Polémica en torno al Puente de San Telmo. La asociación ciclista A Contramano ha denunciado la pérdida del carril bici en el puente de San Telmo, por las obras de instalación de pilares para los toldos.
El colectivo ciclista sostiene que las palabras del regidor no se ajustan a lo previsto por el propio Ayuntamiento. Explican que, tras consultar el proyecto de obra redactado por la Gerencia de Urbanismo, han encontrado en su Anexo 9 una referencia explícita al mantenimiento del tránsito para bicicletas durante los trabajos. Según ese documento: "El tránsito ciclista del Puente de San Telmo se verá interrumpido parcialmente para poder proceder con las actuaciones del presente proyecto. No obstante el faseado de las obras en dos etapas permite el tránsito ciclista en todo momento. La primera fase en la que se acometerán los trabajos sobre la acera Norte no afectarán al tránsito ciclista sobre el actual carril-bici anexo a la acera Sur. Mientras que, en la fase segunda, en la que se acometerán los trabajos sobre la acera Sur y el carril-bici anexo, se interrumpirá el tránsito ciclista por la misma, que se desviará a la acera Norte compartida con el tránsito peatonal."

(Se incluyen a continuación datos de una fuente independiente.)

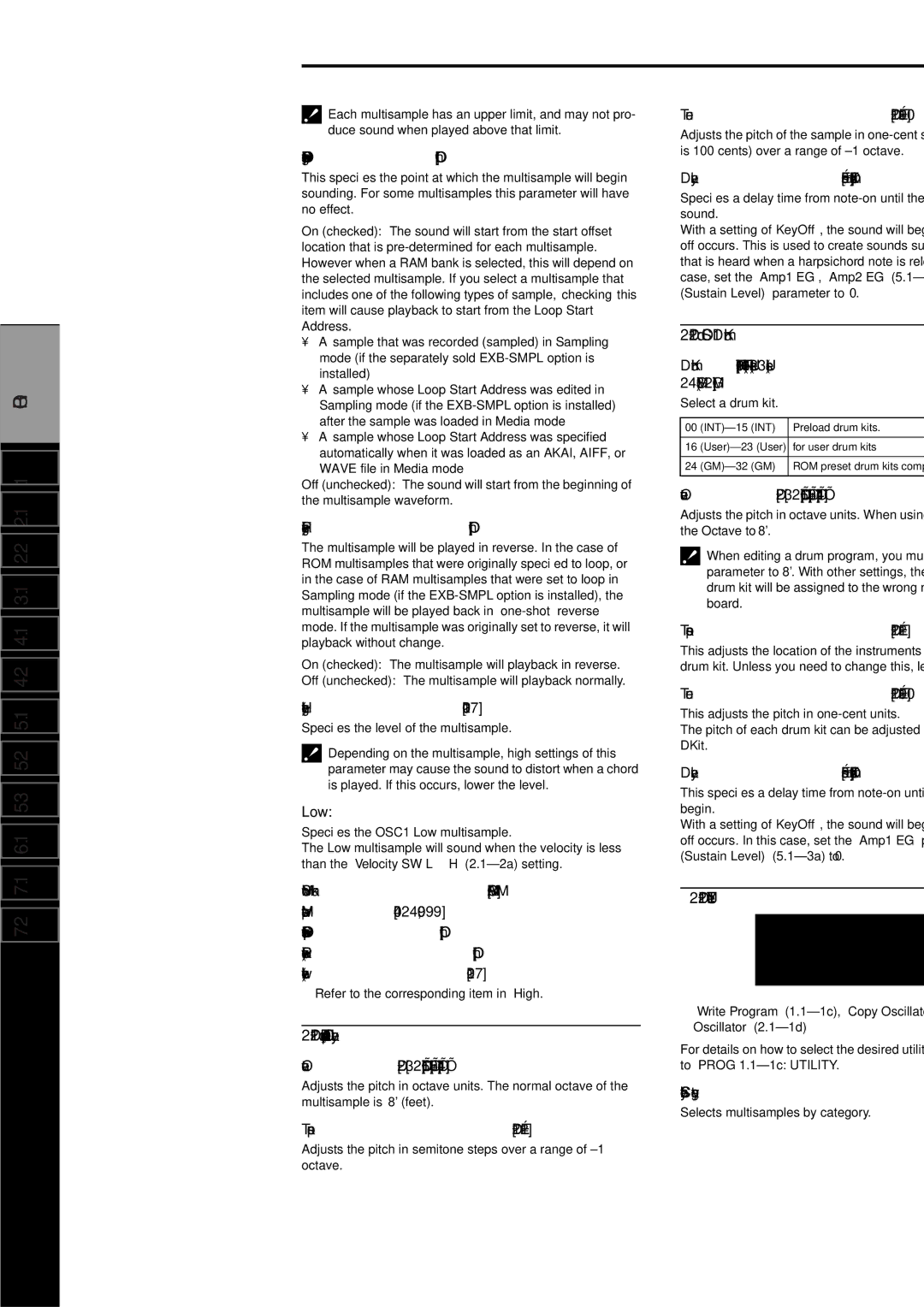 Korg Electric Keyboard manual 2c Octave, Transpose, Tune, Delay, 2d OSC1 Drum Kit, 2e. Utility 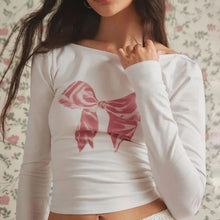 Load image into Gallery viewer, Norah Bow Long Sleeve Crop Top
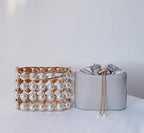 Pearl Hollow Alloy Bucket Bag HB2691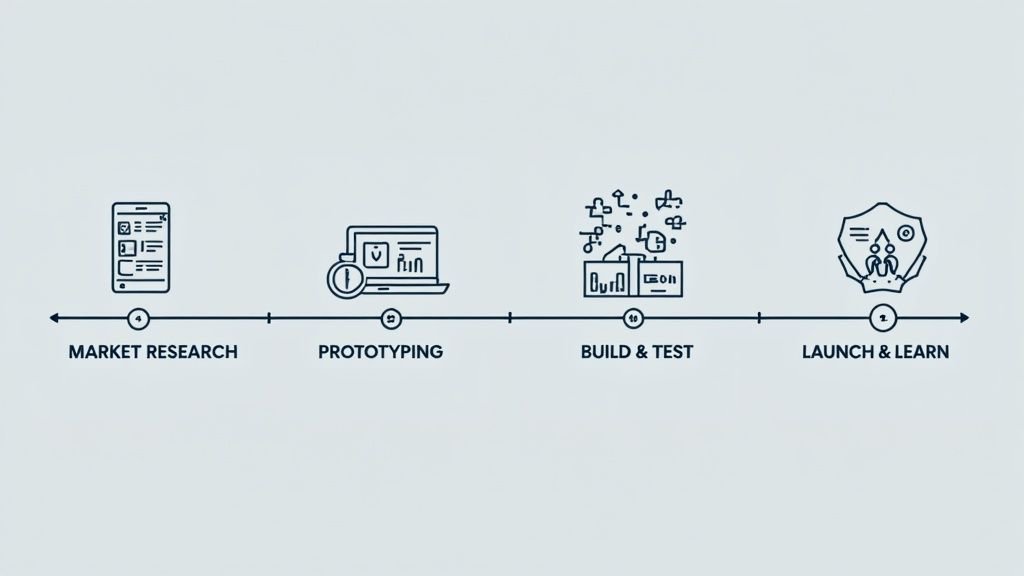 A roadmap or journey map with icons representing different stages of MVP development.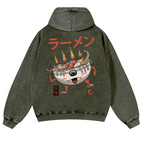 Ramen Vintage Washed Cotton Back Art Hoodie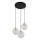 Suspension sur câble DEVON 3xE27/15W/230V noire/transparente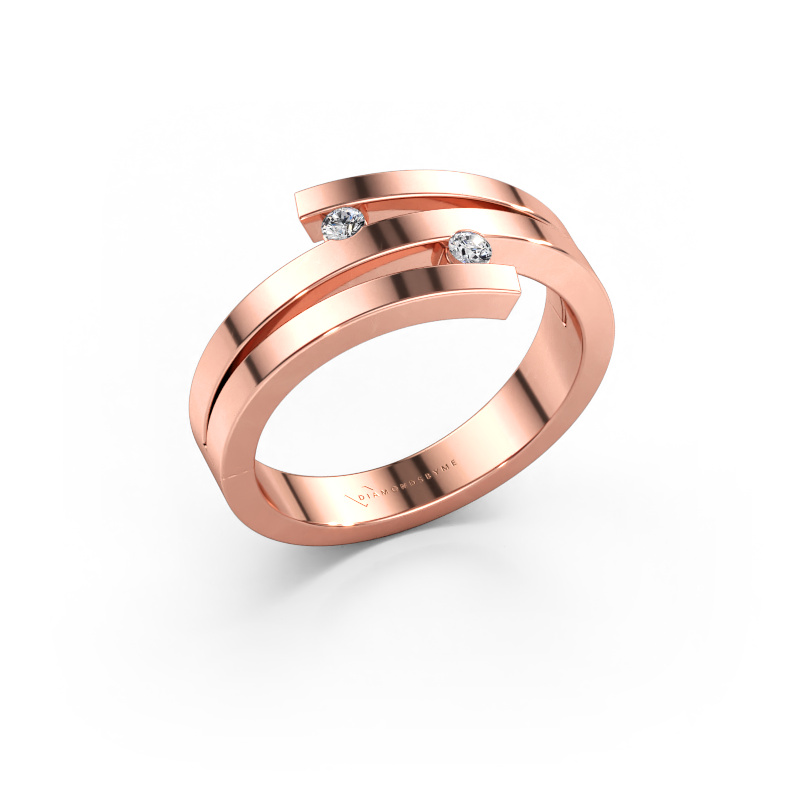 Immagine di Anello Roxane 585 oro rosa Diamante lab grown 0.06 crt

Para A Contramano, esta previsión demuestra que la afección al tráfico ciclista ya estaba “considerada y solucionada” en el proyecto, por lo que acusan al alcalde de faltar “a la verdad, conscientemente o por desconocimiento” al afirmar que no existen alternativas.
Otra cuestión diferente es la idoneidad de la propuesta municipal. El colectivo admite que comprimir el tráfico peatonal y ciclista en una sola acera dista de ser la mejor opción. Y vuelve a defender la que consideran solución óptima: dedicar temporalmente uno de los tres carriles para vehículos privados al tránsito ciclopeatonal. Sin embargo, lamentan que, como en el caso de Luis de Morales, esto choque con lo que califican como uno de los “tabúes” del Ayuntamiento: tocar uno de los pilares de la movilidad “insostenible”, el automóvil privado.